Organizasyonunuzda pek çok yenilik odaklı program gerçekleştiriyor olabilirsiniz. Peki bu içi dolu gibi gözüken inovasyon programları tüketilen kahveden fazlasını getirebiliyor mu?
İnovasyonu kurumunuzda çok doğru bir şekilde içselleştirmiş olabilirsiniz. Doğru tasarlanmış yol haritası, geleceğe kilitlenmiş hedefler, birbiriyle uyum konusunda örnek gösterilecek ekiplere sahip de olabilirsiniz. Ama bu, inovasyon yolunda çeşitli tuzaklara takılıp yavaşlamanızı engellemeyecektir. En azından inovasyon konusunda pek çok yazı kaleme alan tanınmış danışmanlardan Steve Blank’e göre durum böyle…

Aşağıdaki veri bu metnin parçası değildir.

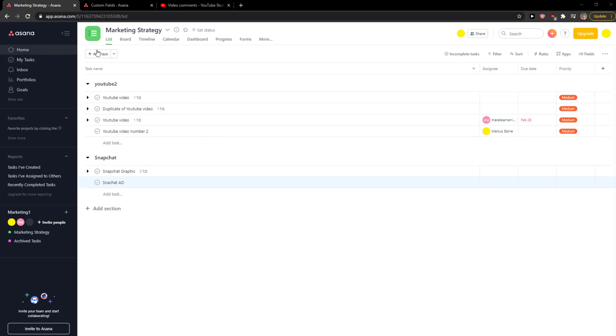So let's start. The first thing you want to do is when you're in Asana, there are two ways how we can assign a task.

Kişisel blogunda “The Innovation Stack: How to make innovation programs deliver more than coffee cups” başlıklı bir makale yayımlayan Steve Blank, yazısında Pete Newell ile birlikte ABD ulusal bilim kurumları ile Savunma Bakanlığı ve “Intelligence Community” dahil olmak üzere büyük şirketlere yönelik inovasyon programları oluşturmak için çalıştıklarını ifade ediyor.
Elde ettikleri çok sayıda deneyimin ardından girişimcilikte başarının neden kahramanların işi olduğunu daha iyi anladıklarını kaydeden Blank, çeşitli inovasyon odaklı faaliyetlerin birer inovasyon tiyatrosuna dönüştüğüne dikkat çekiyor.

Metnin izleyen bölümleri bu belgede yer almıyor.